Is the string theory many physicists are presently so enamored with physics, or is it aesthetics and philosophy, with overtones about values? If we are just rationalizing aesthetic values, why cannot Occam's Razor be applied just as well to rationalize a sort of interconnected universal membrane to record all categories of phenomenal vibrating of strings that might be supposed to constitute the most fundamental material that comprises our universe?

Why could not strings metaphorically be considered to constitute both the wiring of Nature as well as the synapses of God? If ultimate strings constitute synapses of God, could not the Mind of God have grasped from timeless experience of associative patterns how to appreciate not only a holistic perspective but also the categories of both phenomenal and epiphenomenal perspectives of existence that are experienced by each of us? If our finite brains can pull together, associate, and interpret sensations of categories of phenomenal patterns as epiphenomenal experiences, why not the Mind of God?
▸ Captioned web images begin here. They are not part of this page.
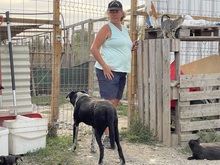LUCKY, Hund, Mischlingshund in Rumänien - Bild 36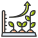 Growth Report icon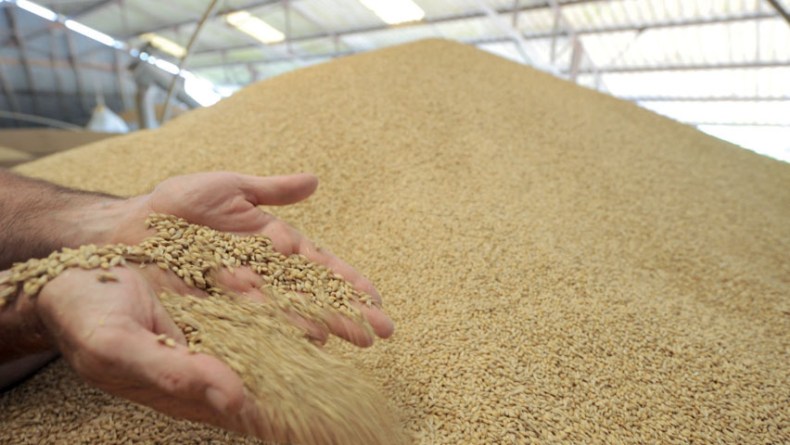 Couscous, la semoule et la farine autorisés a l’exportation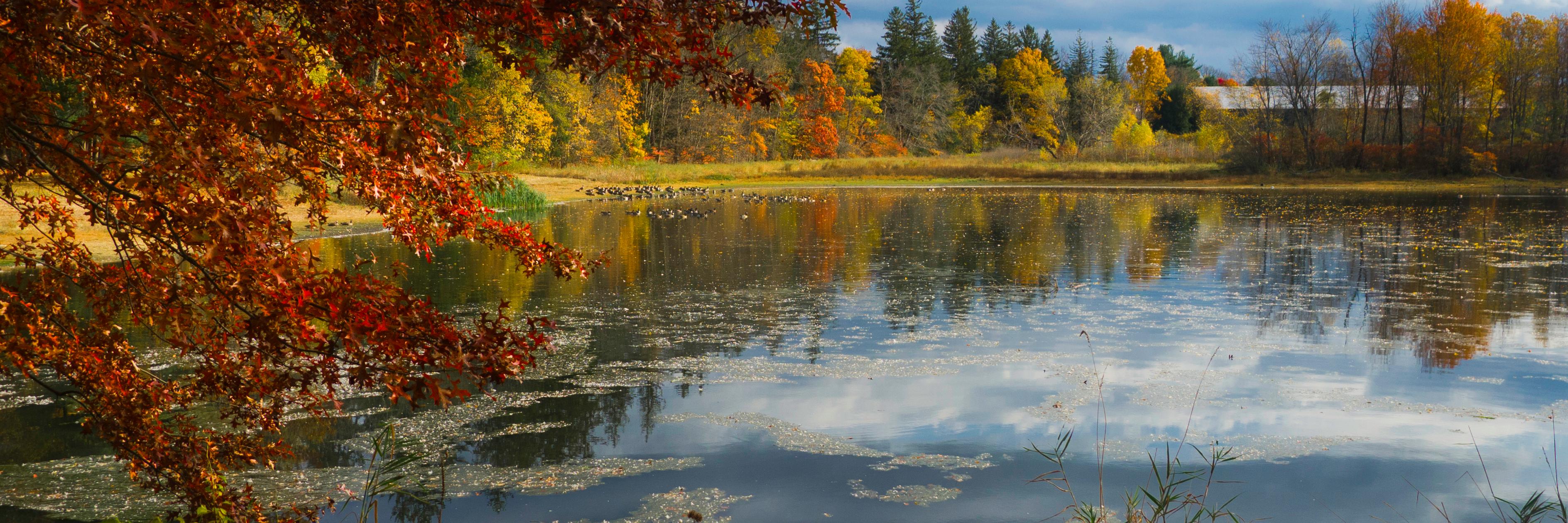 Maria Carpenter banner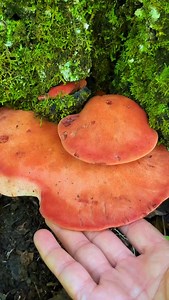 26K views · 2.8K reactions | The beefsteak polypore (Fistulina americana) should really be called “sashimi of the woods,” because it honestly makes SUCH a good dupe for fish! #beefsteakfungus #fistulinaamericana #sushirecipe #mushroomauntie #mushroomedu | chaoticforager | Facebook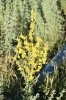 Verbascum pulverulentum Vill.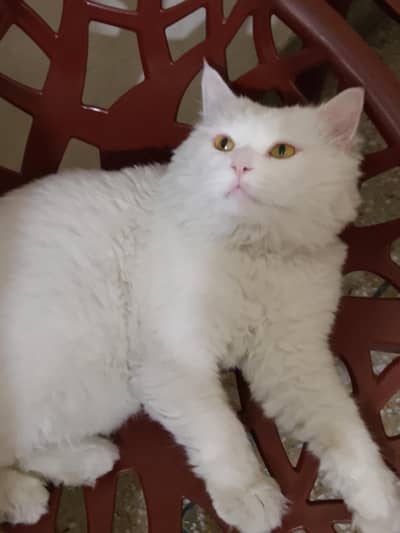 Persion Male Cat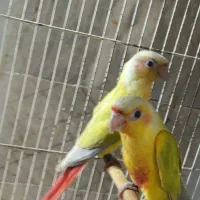 سانچیک رد چیک گرینچیک طوطی
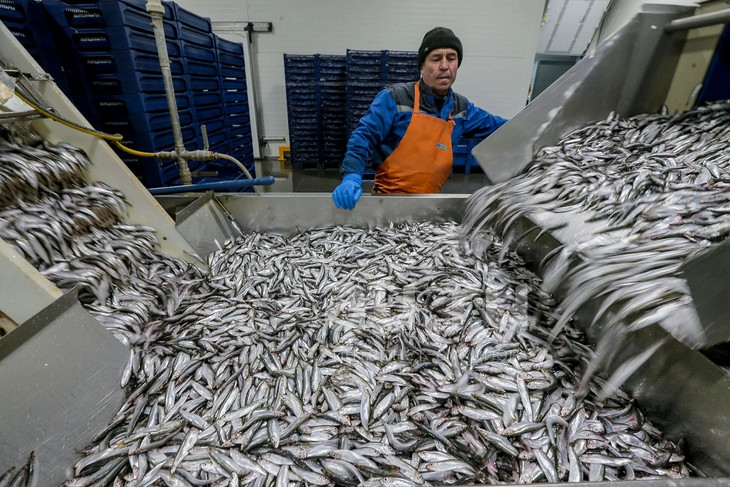 В Белгородской области на 30% увеличилось производство рыбной продукции
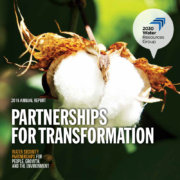 2016 Annual Report: Partnerships for Transformation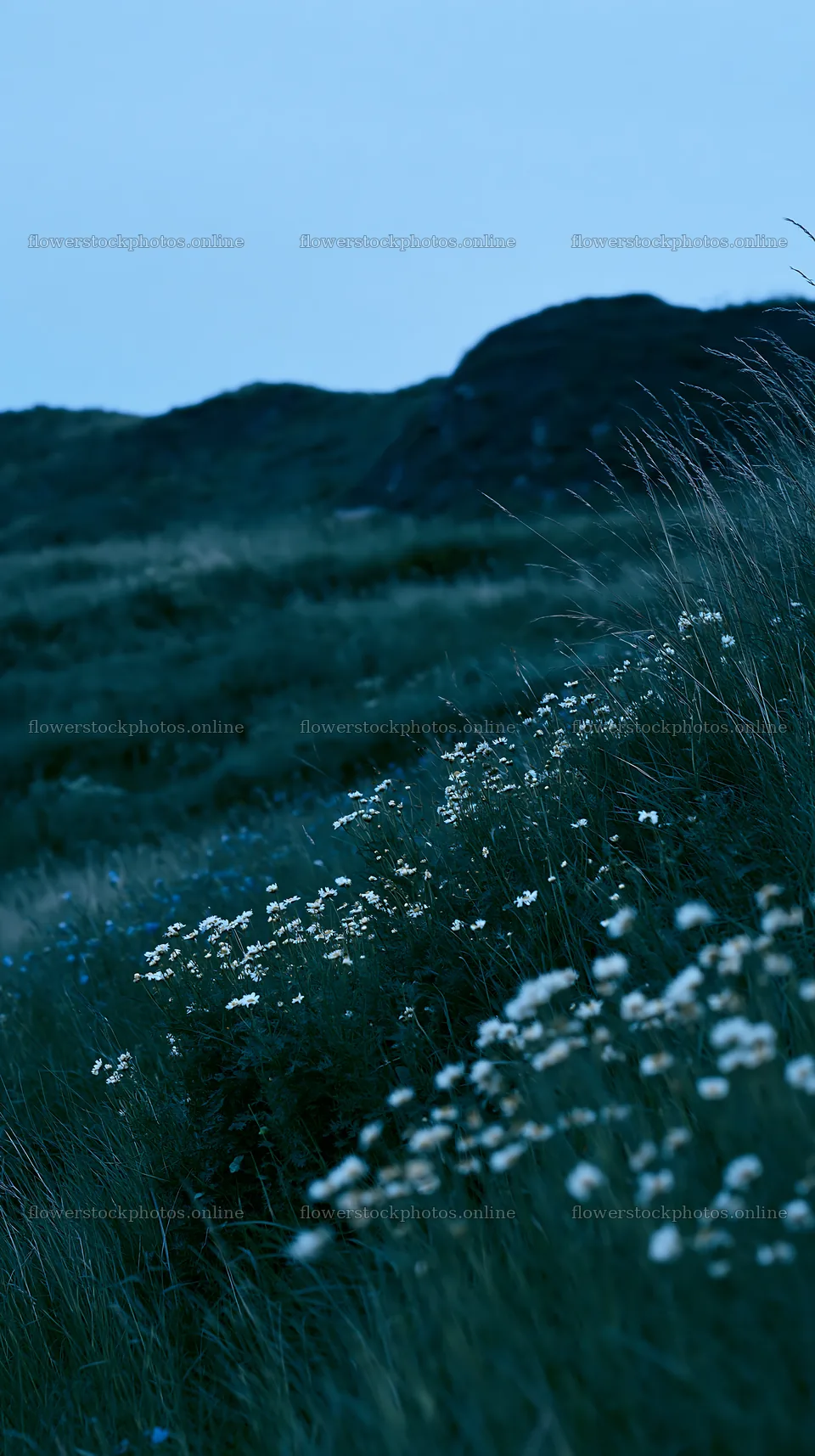 German foothill meadow with flowers at twilight – flower stock photos 5938x10608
Was not Occam’s Razor originally applied by a monk while dealing with spiritual values? In terms of physical aesthetics, how is it any more difficult to believe that there is only one universal infinity of existence accompanied by an infinite, active, cohabiting, self aware mind, rather than that there is an infinity of separate universal infinities driven only by a united but unconscious survivalist function? Is either concept any more approachable by a human mind? Or, at this level of aesthetic consideration, does adoption of one or the other of such approaches simply signal an underlying, unspoken assumption, disposition, or faith?

8. Apr 11, 2004

### Iacchus32

Do you realize that if Science didn't allow us to make sense of the natural world, that we would still be very much in the search for the spiritual nature of things? Now I'm not saying Science is necessarily a bad thing but, are you that sure that human beings aren't in fact spiritual by default?

9. Apr 11, 2004

isomorphic esence

selfAdjoint, stating that spirit vs energy has a isomorphic essence, takes nothing away from either a idealistic or materialistic views. What is then the essence of electromagnetic energy? What is the essence of spiritual energy or ch'i?

Is there really empirical content, of either?

10. Apr 11, 2004

### Dlanorrenrag

Not Stepping On Science’s Toes

I do not think there is a problem with science or with a theory of determinacy. I just view existence as being a coin of two sides, neither of which need be inconsistent with the other, simply depending upon the purpose of the perspective at the time.

One side is Nature, science, balanced forces, and determinacy. The other side is God, values, art, and free will. When I want to leverage control over forces, I look to laws of Nature. When I want to make moral choices, I rationalize based on an inspiration of God.

It may well be that logic cannot be applied to prove a necessity for faith, either in God or in moral values. But, is logic able to demonstrate its own inadequacy to disprove generalized faith?

Experience seems to teach both the inevitability and necessity of faith. What value choices can we consistently rationalize, apart from notions that are based on faith---regardless of whether that faith is merely an unarticulated or socialized construct? As to necessity or helpfulness, I would refer to the experience of John Stuart Mill, an astute fellow. Regardless of proof, merely leaving open the possibility that we are connected by grounds for holding moral values might be helpful in fostering a view of the Golden Rule as more a matter of enlightened self interest than a matter of selflessness.

Assuming the universe offsets balancing forces, why suppose that we must lack even vicarious participation in effecting choices? We cannot very well disprove a perspective of synchronized movement, manifested through all matter, including ourselves, as an expression of a higher will in which our expressions are participatory, can we? If not, such a perspective would seem in no way to need to step on science’s toes.